**The task**
Below are entries; repeat exactly, and nothing else, the lines from the one holding "Besties Squad Cute" through the one holding "Scientific Cutting Tools", inclusive. Leave the pictures out.

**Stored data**

----

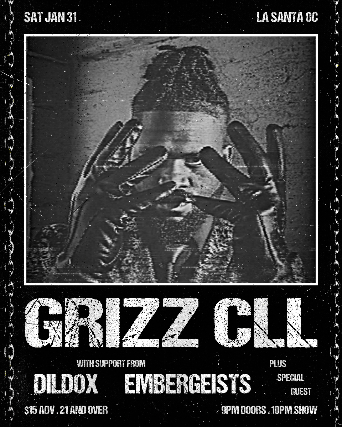 image of Other Voices Events Presents Grizz CLL image of Other Voices Events Presents Grizz CLL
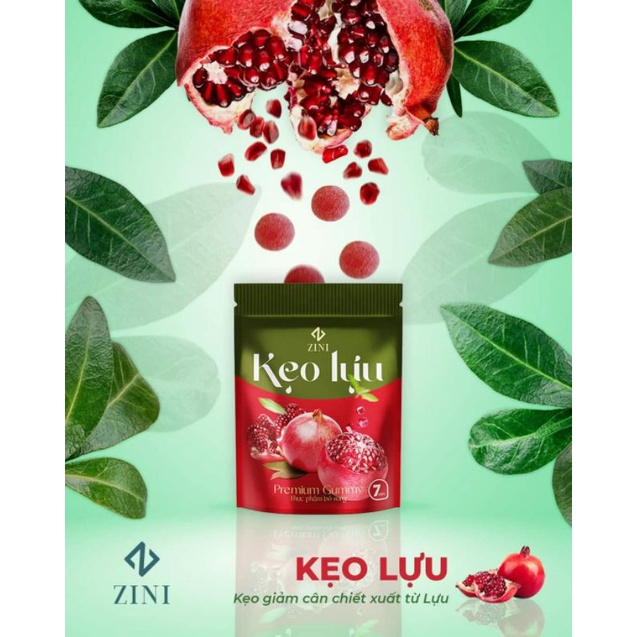 Kẹo lựu giảm cân Zini (Hộp 7 viên)
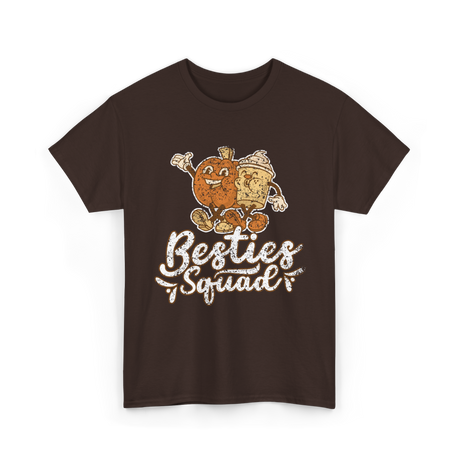 Besties Squad Cute Friendship T-Shirt - Dark Chocolate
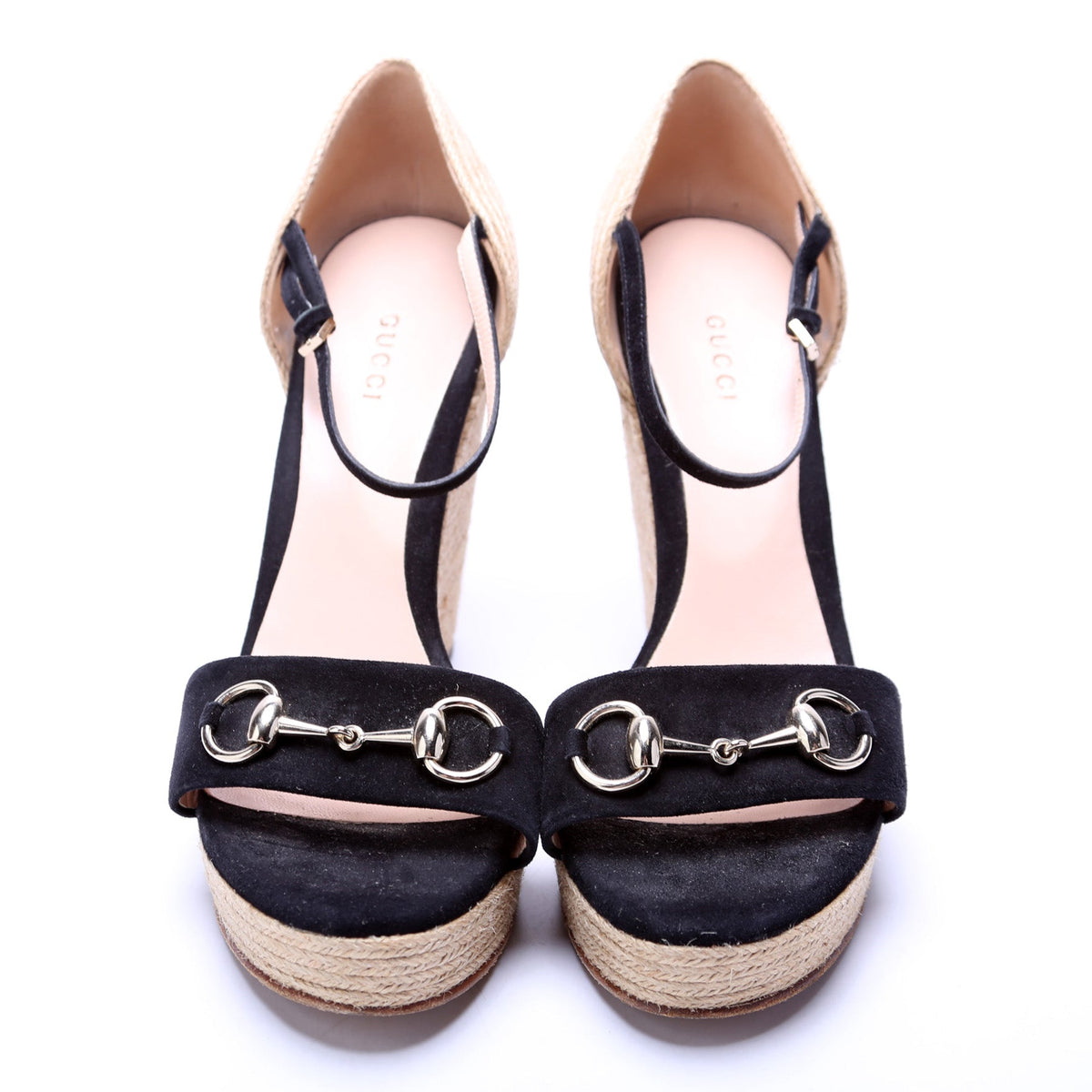 Horsebit Espadrille Wedges Size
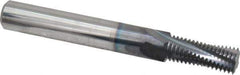 Scientific Cutting Tools - 7/16-20 UNF, 0.335" Cutting Diam, 4 Flute, Solid Carbide Helical Flute Thread Mill - Internal Thread, 0.87" LOC, 3" OAL, 3/8" Shank Diam - Exact Tool & Supply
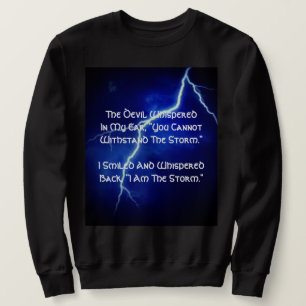 Je Suis Le Sweatshirt De La Tempête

----

**Answer**
 Besties Squad Cute Friendship T-Shirt - Dark Chocolate
 Horsebit Espadrille Wedges Size
 Scientific Cutting Tools - 7/16-20 UNF, 0.335" Cutting Diam, 4 Flute, Solid Carbide Helical Flute Thread Mill - Internal Thread, 0.87" LOC, 3" OAL, 3/8" Shank Diam - Exact Tool & Supply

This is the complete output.